As first thing I need to import the `geojson` about the NYC borough.

I open the `GeoJSON` using [`Apache-Sedona`](https://sedona.apache.org/latest/tutorial/files/geojson-sedona-spark/). From the file I only import the `POLYGON`s and the `borough`s.

In [8]:
borough_geo = (spark.read.format("geojson")
    .option("multiLine", "true")
    .load("data/nyc-boroughs.geojson")
    .selectExpr("explode(features) as features")
    .select("features.*")
    .withColumn("borough", expr("properties['borough']")).drop("properties").drop("type").drop("id")
    .withColumnRenamed("geometry", "borough_geom")
)
borough_geo

borough_geom,borough
POLYGON ((-74.050...,Staten Island
POLYGON ((-74.053...,Staten Island
POLYGON ((-74.159...,Staten Island
POLYGON ((-74.082...,Staten Island
POLYGON ((-73.836...,Queens
POLYGON ((-73.813...,Queens
POLYGON ((-73.827...,Queens
POLYGON ((-73.826...,Queens
POLYGON ((-73.832...,Queens
POLYGON ((-73.794...,Queens


Before being able to `spatial_join` on both (`pickup` and `dropoff`) I have to cast the coordinates as a `POINT`.

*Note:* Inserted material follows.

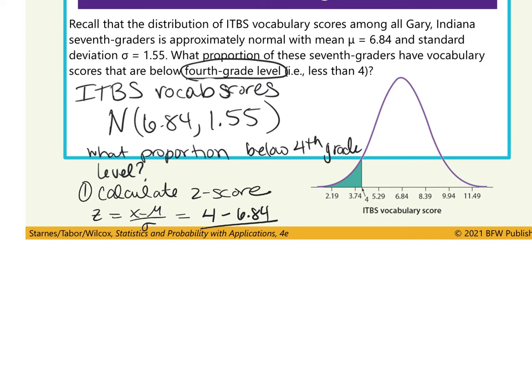To find the answer, we first calculate the Z-score. Z equals X minus mu over sigma. What is the value we're interested in? 4th grade — so 4 minus 6.84 divided by 1.55. Use your calculator to find this Z-score. Is our Z-score between negative 1 and negative 2 standard deviations from the mean, as our picture suggests? Yes — negative 1.8 is between negative 1 and negative 2.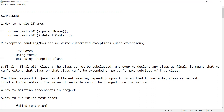The next question was about exception handling — how can we write customized or user-defined exceptions? Exception handling helps us to suppress errors. You can use try-catch, or you can also use throw, and you can extend the Exception class.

Then I register the new dataframe and the borough `GeoJSON` in order to execute the `spatial join` on both metrics at the same time.

In [9]:
trips = trip_filtered_df \
    .withColumn("pickup_geom",  expr("ST_Point(CAST(pickup_longitude AS Decimal(24,20)), CAST(pickup_latitude  AS Decimal(24,20)))")) \
    .withColumn("dropoff_geom", expr("ST_Point(CAST(dropoff_longitude AS Decimal(24,20)), CAST(dropoff_latitude AS Decimal(24,20)))"))

trips.createOrReplaceTempView("trips")
borough_geo.createOrReplaceTempView("boroughs")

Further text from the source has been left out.